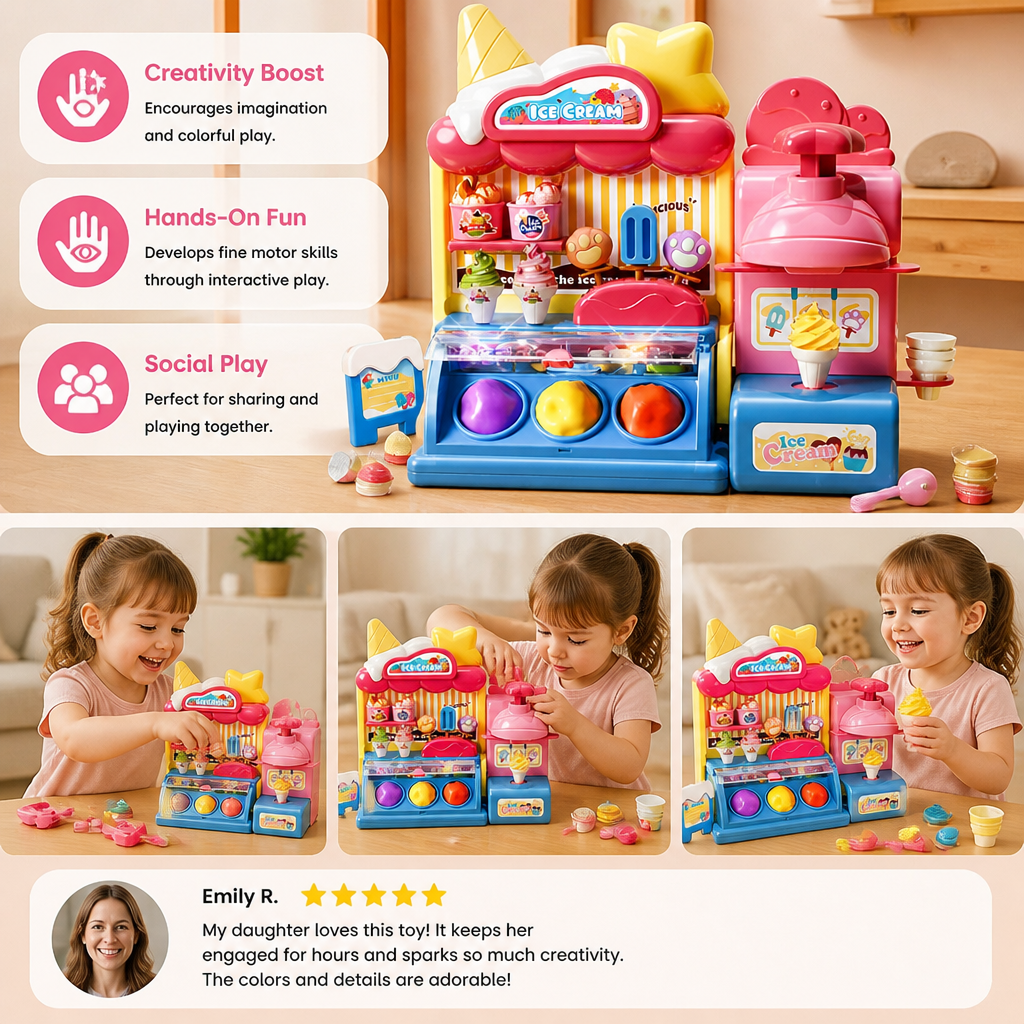 DIY Ice Cream Clay Maker Playset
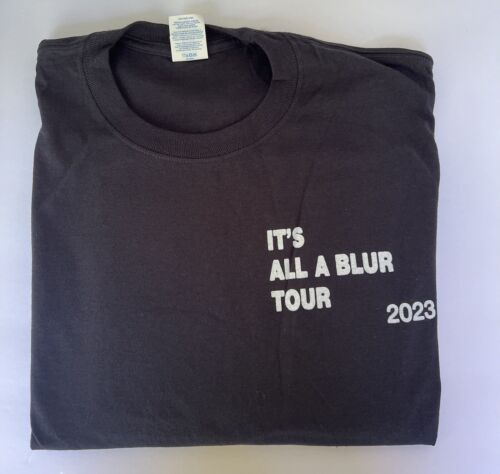 Drake it’s all a Blur Tour Local Crew T shirt  Lil Wayne OVO size XL Black New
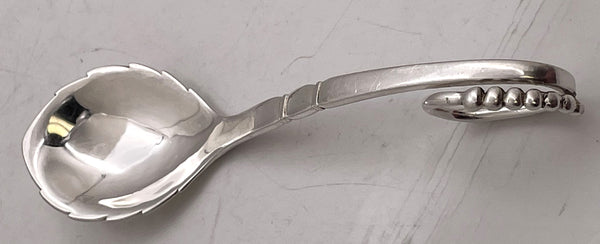 Georg Jensen Assorted Set of Sterling Silver Servers in Blossom Pattern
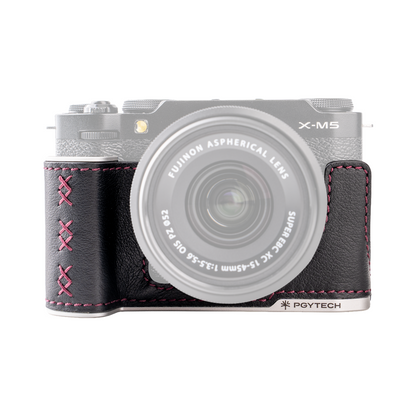 【予約】レザー カメラケース (FUJIFILM X-M5用 / ミッドナイトブラック)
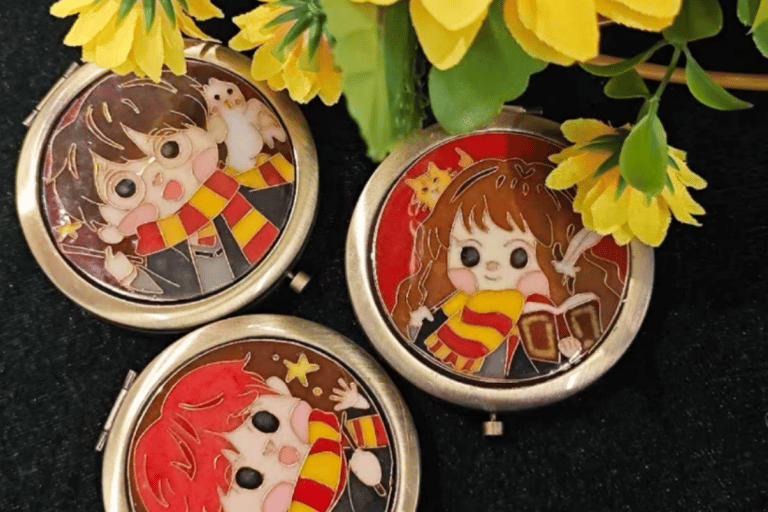 Guangzhou: Create Your Own Cloisonné Enamel Artwork Coaster or Bookmark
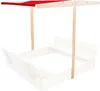 Aga Toit pour bac à sable pour enfants 120x120 cm Rouge Voir les images du produit 1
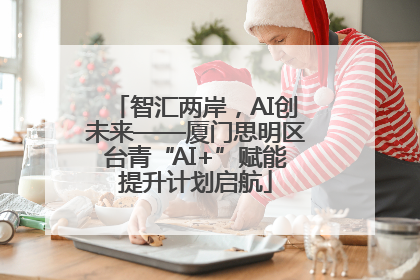 智汇两岸，AI创未来——厦门思明区台青“AI+”赋能提升计划启航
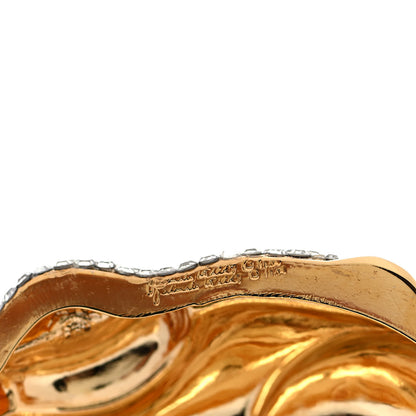 Judith Leiber Crystal Rabbit Minaudiere Pill Case Gold 4 of 4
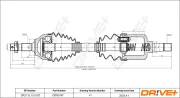 Antriebswelle Vorderachse links Dr!ve+ DP2110.10.0187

> _EXERCISE PROMPT_
The expected output is an exact copy of the lines from the one with "Drake it’s all" to the final line of the entries above, pictures excepted; please include both ends.

> _FINISHED EXERCISE_
 Drake it’s all a Blur Tour Local Crew T shirt  Lil Wayne OVO size XL Black New
 Georg Jensen Assorted Set of Sterling Silver Servers in Blossom Pattern
 【予約】レザー カメラケース (FUJIFILM X-M5用 / ミッドナイトブラック)
 Guangzhou: Create Your Own Cloisonné Enamel Artwork Coaster or Bookmark
 Aga Toit pour bac à sable pour enfants 120x120 cm Rouge Voir les images du produit 1
 智汇两岸，AI创未来——厦门思明区台青“AI+”赋能提升计划启航
 Judith Leiber Crystal Rabbit Minaudiere Pill Case Gold 4 of 4
 Antriebswelle Vorderachse links Dr!ve+ DP2110.10.0187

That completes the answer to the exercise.